Michael Lohan
How Lo-han you go?
Fri, 03/09/2010 - 11:24 by John HillAttention seeking media whores tend to gather in clusters, a bit like herpes. There's a few of these clusters knocking around at the moment, the Kardashians, the Osbournes and of course the biggest and most virulent infection of all, the Lohans.
Michael Lohan, father of Lindsay and somene who honestly seems to be even more batshit insane than the rest of the family, has just announced he is going to start up a 'spiritual' rehab centre after one of his many conversations with God apparently turned to business opportunities.

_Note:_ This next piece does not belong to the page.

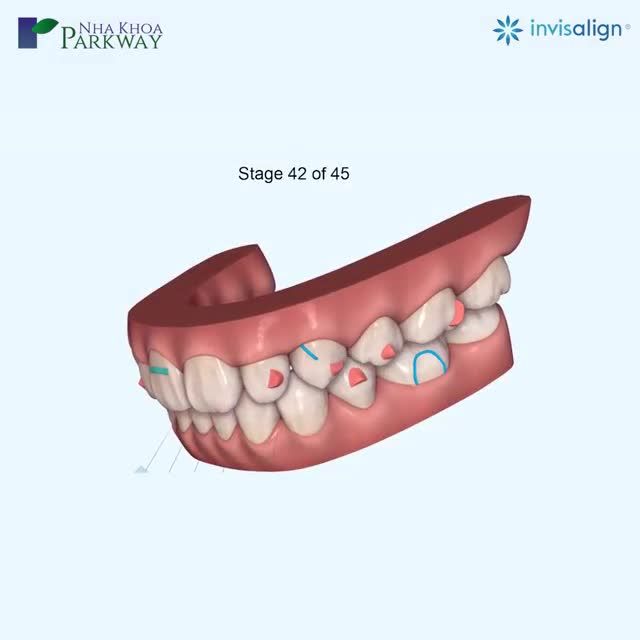 TÌM LẠI SỰ TỰ TIN TRONG GIAO TIẾP VỚI NIỀNG RĂNG INVISALIGN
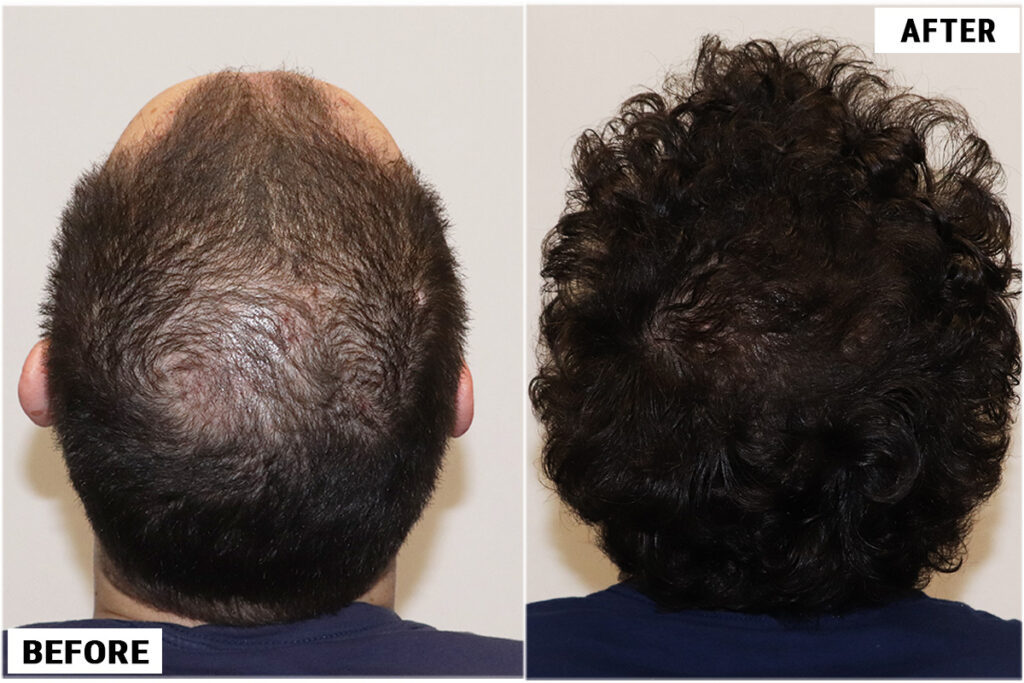 2176 FUE grafts - Crown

The centre is supposed to be more of a spiritual retreat than an actual medical facility, providing care and possibly surgical procedures for your mind and soul, while your body will be attended to at an actual hospital by trained professionals, but for less money, so it must be shit. Plus, they don't have 'Thoughts Wednesday' or 'Rainbow magical lying down afternoons' at hospitals, which are by far the best way to get through crystal meth withdrawal.
What's truly wonderful about the whole deal is that MiLo must think he's managed to fox everyone into believing he doesn't want to exploit his own daughters for cash anymore with this supposedly legitimate proposition.
Having said that, if he actually manages to run this as a successful business he'll make Paul McKenna look like Ghandi.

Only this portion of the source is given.